[Records from a data source]

—————

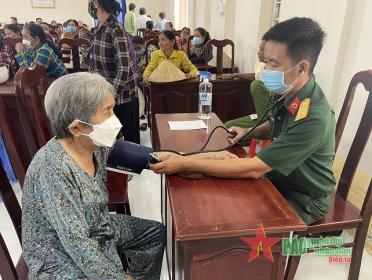 Nghĩa tình người thầy thuốc áo lính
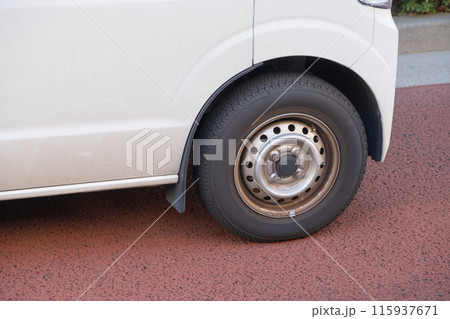 貨物系軽自動車のタイヤ 115937671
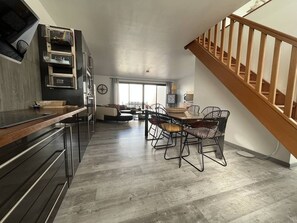Interior - Spacious house in central St Pierre d'Oléron, 3 bedrooms, sleeps 6 (Saint-Pierre-d'Oléron)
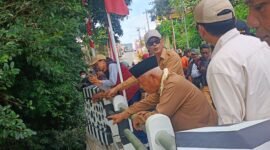 Ket foto. Bupati Malang H.M Sanusi (pakai kopiah) bersama Kepala Dinas PU Bina Marga Khairul Isnaidi Kusuma saat mengecek jembatan Ternyang usai diresmikan 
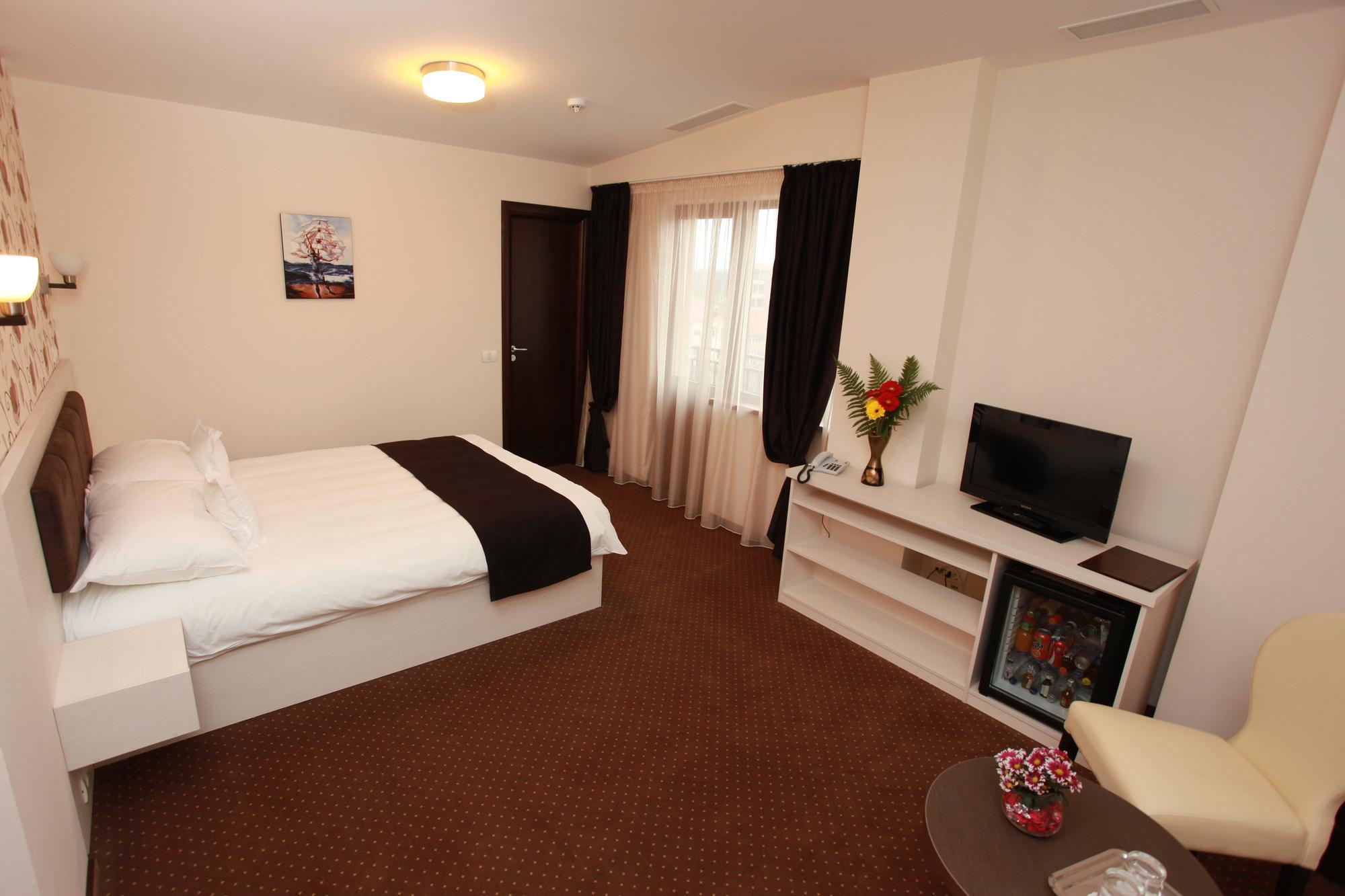 West Plaza Residence Bucarest Extérieur photo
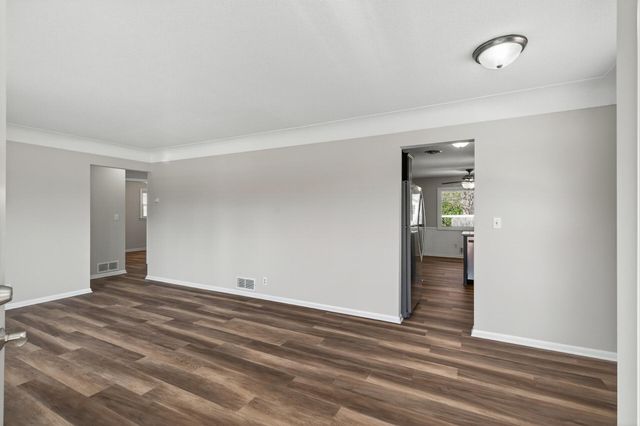 289 89th Avenue NE, Blaine, MN 55434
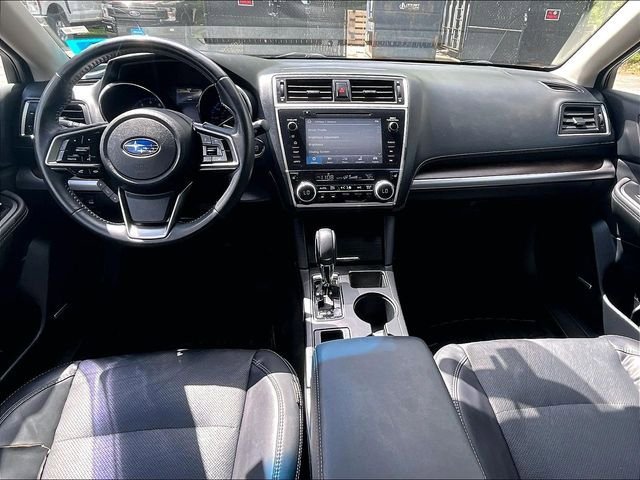 Used 2018 Subaru Outback 2.5i Limited AWD/4WD image 16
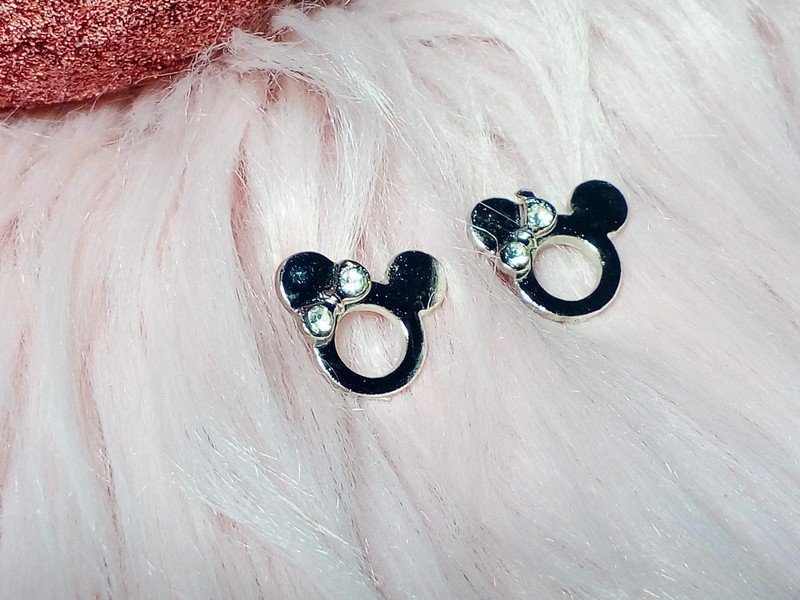 NEU! Süße Minnie Mouse Ohrstecker mit Zirkonia Steinchen Silber Antik Stud Earrings Modeschmuck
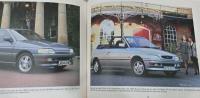(英文)フォードのスポーツカー　前輪駆動のエスコート【A Collector's Guide The Sporting Fords Vol.5 Front - Drive Escorts Erom XR3 to RS Cosworth 4 x 4】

—————

■ **Instructions to follow**
With the images omitted, output all entries exactly as given.

■ **Written solution**
 Nghĩa tình người thầy thuốc áo lính
 貨物系軽自動車のタイヤ 115937671
Interior - Spacious house in central St Pierre d'Oléron, 3 bedrooms, sleeps 6 (Saint-Pierre-d'Oléron)
 Ket foto. Bupati Malang H.M Sanusi (pakai kopiah) bersama Kepala Dinas PU Bina Marga Khairul Isnaidi Kusuma saat mengecek jembatan Ternyang usai diresmikan 
 West Plaza Residence Bucarest Extérieur photo
 289 89th Avenue NE, Blaine, MN 55434
 Used 2018 Subaru Outback 2.5i Limited AWD/4WD image 16
 NEU! Süße Minnie Mouse Ohrstecker mit Zirkonia Steinchen Silber Antik Stud Earrings Modeschmuck
(英文)フォードのスポーツカー　前輪駆動のエスコート【A Collector's Guide The Sporting Fords Vol.5 Front - Drive Escorts Erom XR3 to RS Cosworth 4 x 4】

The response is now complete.